Um Konflikte zu vermeiden, sollten Sie Ihren Druckprozess mit variablen Daten mithilfe einer einzigen Lösung erstellen, ausführen und überwachen. Mit dem richtigen Druckserver und den richtigen Werkzeugen lassen sich variable Aufträge innerhalb von Minuten statt Stunden oder Tagen erledigen. Um Transparenz zu gewährleisten, können Sie Web-to-Print außerdem in Ihr variables Datensystem integrieren, damit Sie Aufträge zentral protokollieren und verwalten können.

People in a print shop looking at a laptop

4. Schlechte Sicht

Nichts ist ein größerer Workflow-Killer als tote Winkel. Wenn Sie nicht wissen, wo sich Ihre Aufträge innerhalb des Druckprozesses gerade befinden, laufen Sie Gefahr, Problemstellen zu übersehen und Verbesserungschancen zu verpassen.
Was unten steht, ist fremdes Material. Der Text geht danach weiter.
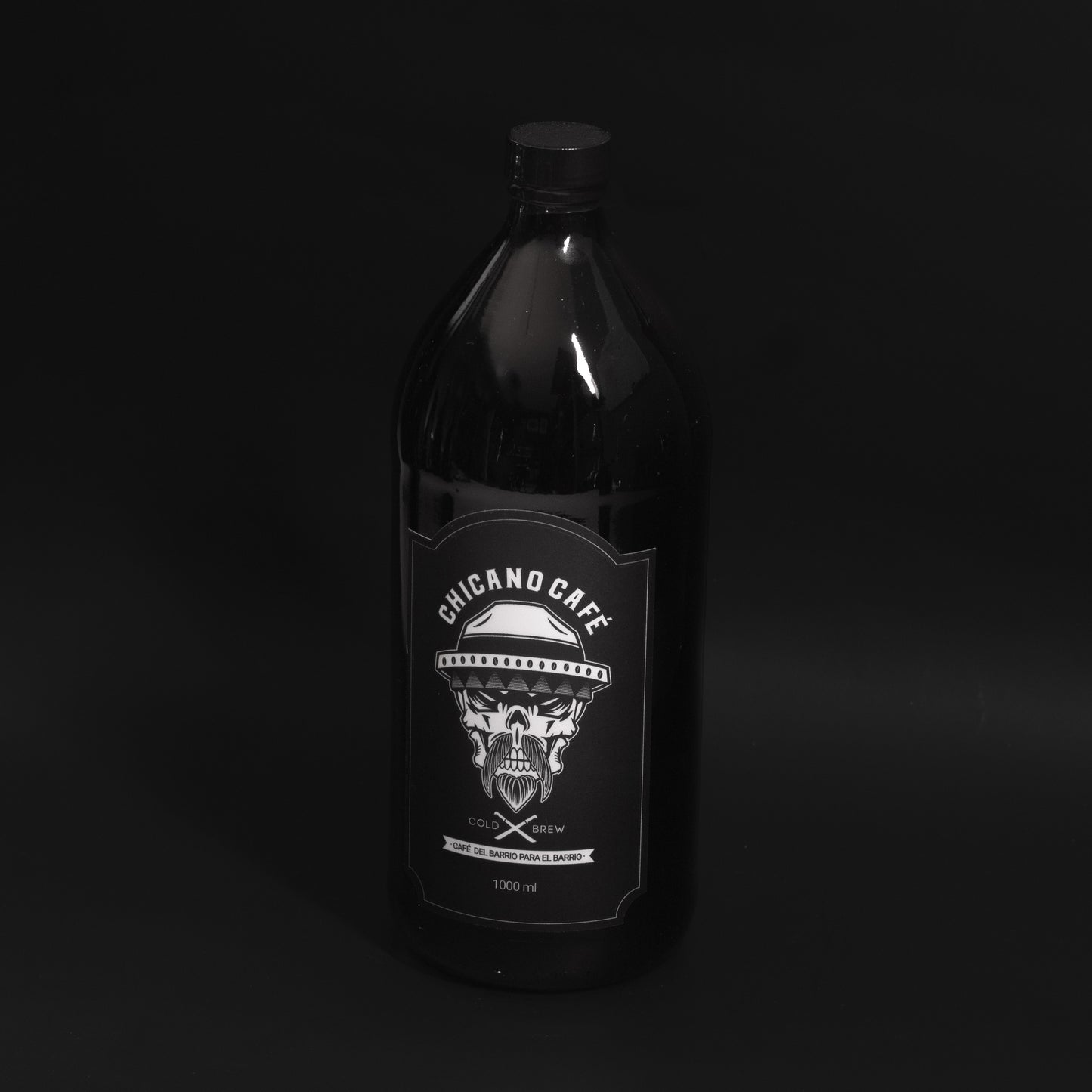 Coldbrew 1L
Das heißt, Sie müssen zentrale Dashboards haben, die Ihren Mitarbeitern alle relevanten Informationen zur Überwachung bieten und mit denen Sie die Kunden umfassend informieren.
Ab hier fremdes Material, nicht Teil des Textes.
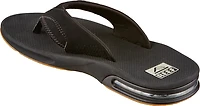 Reef Men's Fanning Flip Flops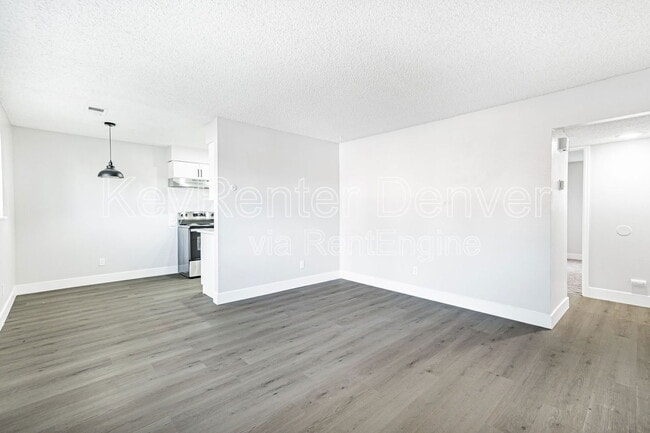 Foto del edificio - 602 South St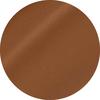 WN 124 Sienna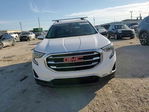 GMC Terrain 2020
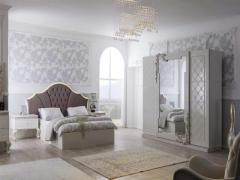 Kınalıada spot eşya alanlar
Zwischen der Auftragserteilung und dem Erhalt der fertigen Produkte sollten Sie Ihre Kunden mit Mitteilungen zum Auftragsstatus versorgen - egal ob per E-Mail oder online. Nutzen Sie ebenfalls automatische Jobtickets und Fehlermeldungen, um Ihre Mitarbeiter in Echtzeit über sämtliche Workflow-Probleme auf dem Laufenden zu halten. Somit können sie Probleme lösen, bevor sie entstehen.

5. Workflow Silos

Wenn Sie für einzelne Prozesse hervorragende Workflows einrichten, sparen Sie in jeder Phase Zeit. Doch in dem Moment, in dem Sie die Puzzleteile zusammensetzen, können Sie mit ziemlicher Sicherheit Lücken an den Nahtstellen entdecken. Eine Kette ist nur so stark wie ihr schwächstes Glied, und ein automatisierter Workflow verliert an Stärke, wenn sein Zusammenhalt zu sehr von menschlichem Eingreifen abhängig ist.
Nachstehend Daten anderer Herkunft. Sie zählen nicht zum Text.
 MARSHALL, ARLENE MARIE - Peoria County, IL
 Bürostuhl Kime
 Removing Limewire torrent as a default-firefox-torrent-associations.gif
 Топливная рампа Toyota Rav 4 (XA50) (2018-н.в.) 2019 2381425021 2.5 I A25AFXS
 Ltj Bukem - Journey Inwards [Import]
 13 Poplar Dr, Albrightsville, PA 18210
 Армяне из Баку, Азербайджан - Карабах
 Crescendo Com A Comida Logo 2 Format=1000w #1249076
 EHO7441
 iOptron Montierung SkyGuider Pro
Silos können tiefgreifende Ursachen haben. Bisher haben Sie vielleicht sämtliche Anforderungen durch unterschiedliche Workflows für den digitalen Schwarz-Weiß, Farb- und Offset-Druck abgedeckt. Aber erst wenn Sie einmal einen Schritt zurücktreten, werden die Redundanzen deutlich. Selbst der am besten automatisierte Druckauftrag kommt zum Erliegen, wenn die Automatisierung und Integration der Weiterverarbeitung fehlt.

Jeder einzelne Stau im Workflow kann Sie ins Stottern bringen und dazu führen, dass Ihnen Gewinne entgehen. Treten sie in Folge auf, kann dies für Ihr Unternehmen schwerwiegende Konsequenzen haben. Wenn Sie jedoch das Potenzial für solche Fehler aus dem Weg räumen, entdecken Sie sämtliche Vorteile, die straffere, automatische Workflows Ihnen bringen können.